Focusing on products and public policy, the industry must continue to be innovators, Schutz said, creating products that span the landscape of retirement risk, are flexible and easy to understand, and are what consumers want. Most of the products available now are siloed, she said, by an annuity, a life insurance, or LTC product and are "not connected." They are also inflexible, and fail to change with an "individual's revolving needs." This is beginning to change however, she said, as manufacturers are developing products that stitch solutions together.

In January, Genworth combined its U.S. retirement and protection divisions into one, which enabled the company to not only show "one face" to distributors, Schutz said during the separate conversation, but to start putting together the long-term care, annuities, managed money, and income products. "We see a ton of opportunities, particularly when you think about stitching together accumulation, income, and healthcare type products."

Such products include Genworth's Total Living Coverage, which provides long-term care and life insurance. Genworth plans to release this year a managed money income product which she said will include a "guaranteed income solution overlay on a managed account platform." Today, she said, "you see a lot of assets on fee-based managed money platforms." However, "what you don't have on those platforms is the opportunity for protection [against] your assets running out because of market performance or outliving your money."

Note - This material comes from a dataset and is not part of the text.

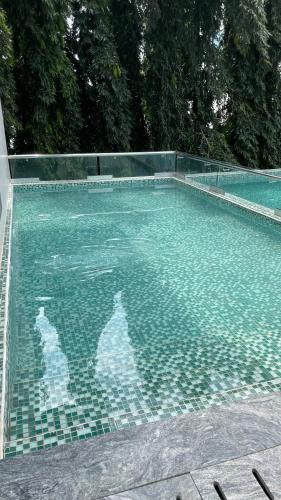 a swimming pool with a tiled floor and a swimming pool at Solaris Premium Luxury Living in Accra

As for public policy, Schutz said it's imperative for the industry to continue to influence public policy "so that the environment in which we work is conducive to mitigate retirement risk and building our businesses." Notwithstanding the Social Security and Medicare situation, "there are lots of opportunities [to affect policy] because the focus hasn't shifted enough to income and healthcare," she said. The federal government, too, "is uniquely able to increase financial literacy about retirement risk, but education programs haven't been adequate." Public policies must be created that encourage individuals to create their own financial security, she continued. Some progress has been made in the Pension Protection Act as well as the Medicaid State Long-Term Care Partnership Program Act of 2005, legislation that passed as part of the Deficit Reduction Act. The legislation became effective in 2006, and encourages individuals to obtainprivate long-term care insurance. "This protects assets equal to a policy'sbenefits," Schutz said, "and results in fewer people relying on Medicaid."